## Data segment
──────────────────────────────

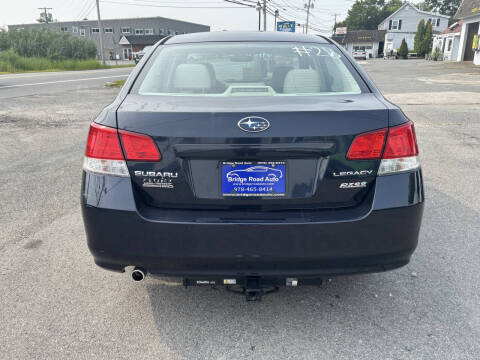 2012 Subaru Legacy 2.5i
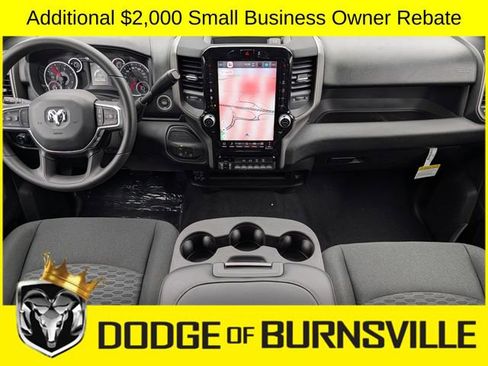 New 2026 RAM 3500 Tradesman AWD/4WD image 7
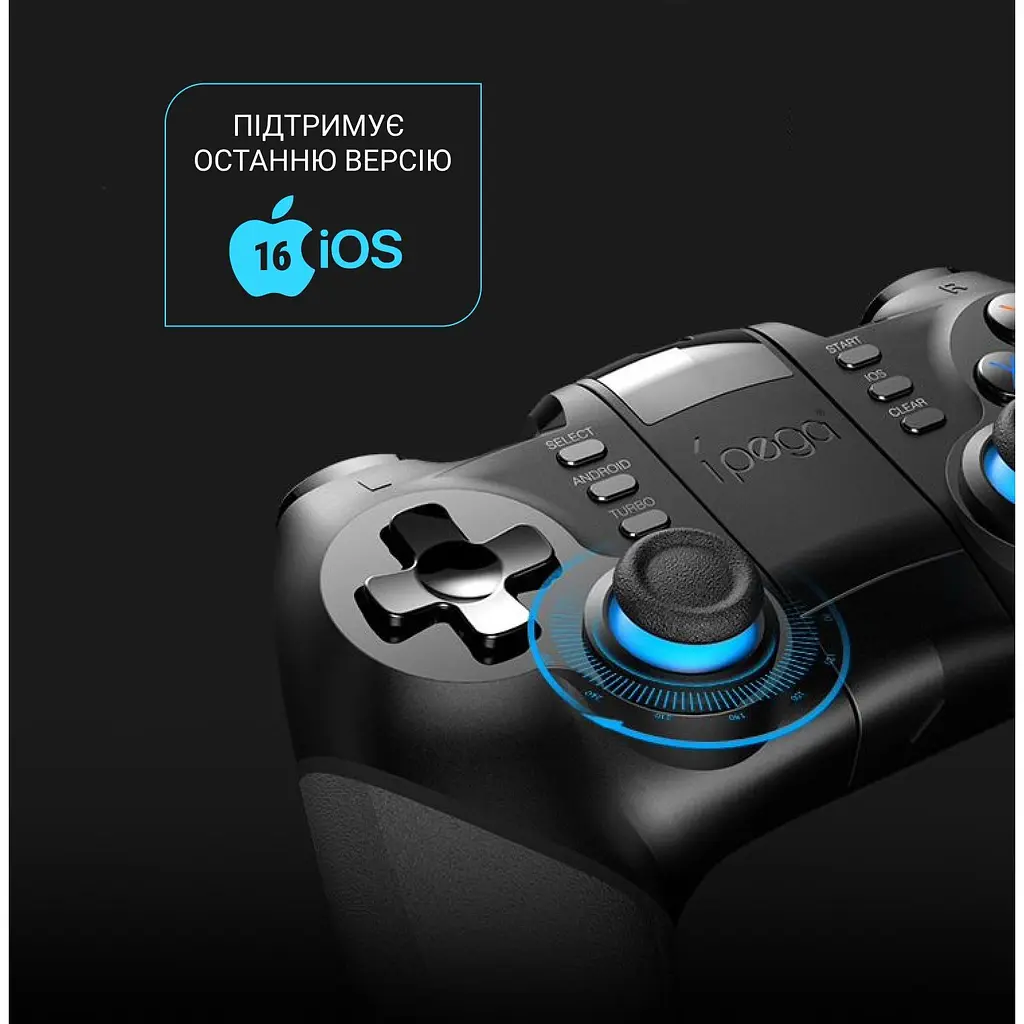 Геймпад iPega Bluetooth Black бездротовий (PG-9156) - фото 14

──────────────────────────────

## Instructions for the task
I would like the data above transcribed exactly, with its pictures left out.

## Task result
 2012 Subaru Legacy 2.5i
 New 2026 RAM 3500 Tradesman AWD/4WD image 7
 Геймпад iPega Bluetooth Black бездротовий (PG-9156) - фото 14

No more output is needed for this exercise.